Though seemingly disparate, the totality of these narratives are in congruence with the large scale movement of pastoralists from the plains into the forested areas, assimilation of forest-dwelling communities and wide-spread identity shift. A widespread trend across the region as the Mutai of the 19th-century dragged on.

==Territory==
According to Kalenjin and Maasai traditions, the territory of the Uasin Gishu people extended over the Uasin Gishu and Mau plateaus following the conquest of these regions from the 'Senguer' or Siger. This period also saw the fragmentation of Loikop society.

==c.1870 Maasai - Kwavi war==
Thompson (1883) noted that the 'Wa-kwafi' of Guas'Ngishu and those of Lykipia allied together to make war on the Maasai. He was advised that this was about fifteen years before then i.e c.1870. Wagner (1949) writing on the Bantu of North Kavirondo notes that "After 1860 the greater part of the Uasin-Gishu Masai (Kwafi) was decimated by wars with the main Masai bands...". Hollis in his account of the Maasai recorded similar narratives occurring about the same time.

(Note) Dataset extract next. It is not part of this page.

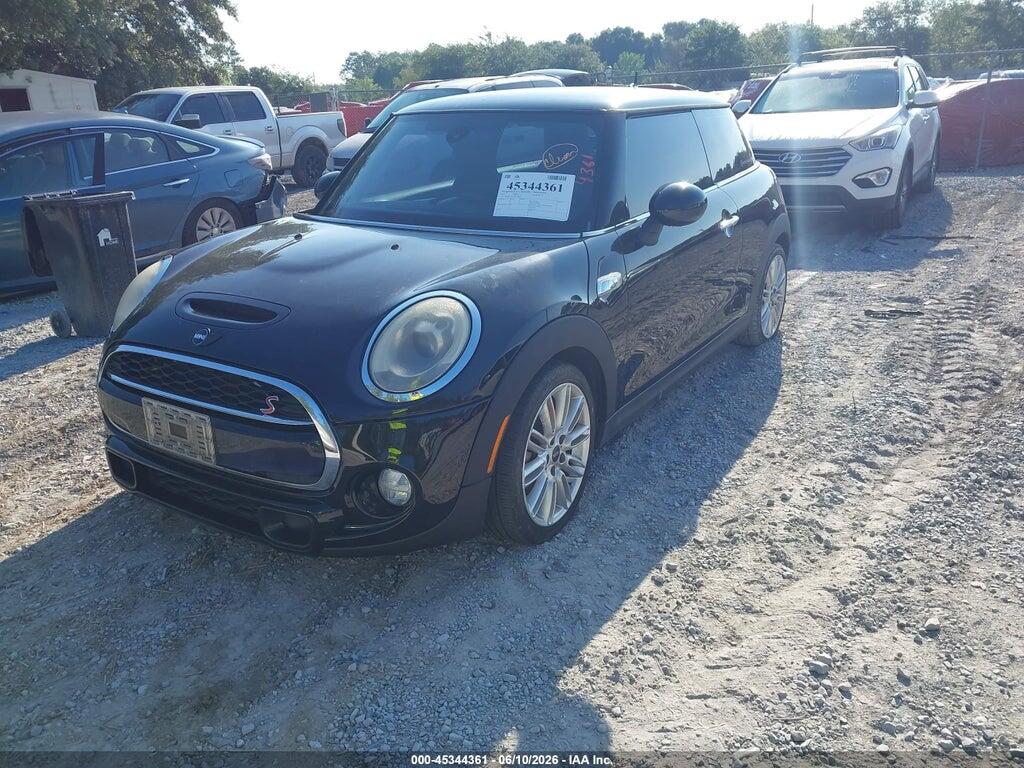 WMWXP7C55F2A58371 2015 MINI HARDTOP photo no. 2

He notes "that about 1850 the Turkana drove the most westerly branch of the Masai from the west, to the south of (Lake Turkana)". He states that "somewhere about the same period - at the time an old man can remember according to the native expression - the Masai dwelling on the Uasin Gishu plateau attacked those of Naivasha". The Maasai of Naivasha would later ally with those of Kilimanjaro.

===Assimilation of Laikipiak===
According to Thompson's account the war lasted several years, during which time famine came upon the 'Wa-kwafi' causing large numbers to move to Njemps and Nyiro. "Only a remnant of the Wa-kwafi of Lykipia were left, and these contrived to make peace".

===Annihilation of Kwavi identity===
Thompson states, that following the extinction of Laikipiak identity, "The Masai swept from north to south, and left not a man in the entire land, those who escaped the spear and sword finding refuge in Kavirondo". MacDonald's portrayal of the force of attack parallels Thompson's account,

Civil war broke out between the Masai and Guash Ngishu who were helped by their kinsmen of Lykipia. After some initial defeats, the Masai detached the Sambur of Lykipia from the hostile alliance and then crushed the Guash Ngishu so utterly that the latter could no longer hold their own against the dispossessed Nandi and their kindred, and ceased to exist as a tribe.
— — MacDonald, 1889

==Diaspora==
MacDonald noted that the survivors of this conflict were at that time scattered remnants in 'Nandi, Kavirondo or Ketosh'.

Thompson (1883) noted that there was a district of Masai country known as Guas' Ngishu.

==Legacy==
The conflicts between the Guas' Ngishu/Masai and Wakwafi form much of the literature of what are now known as the Iloikop wars.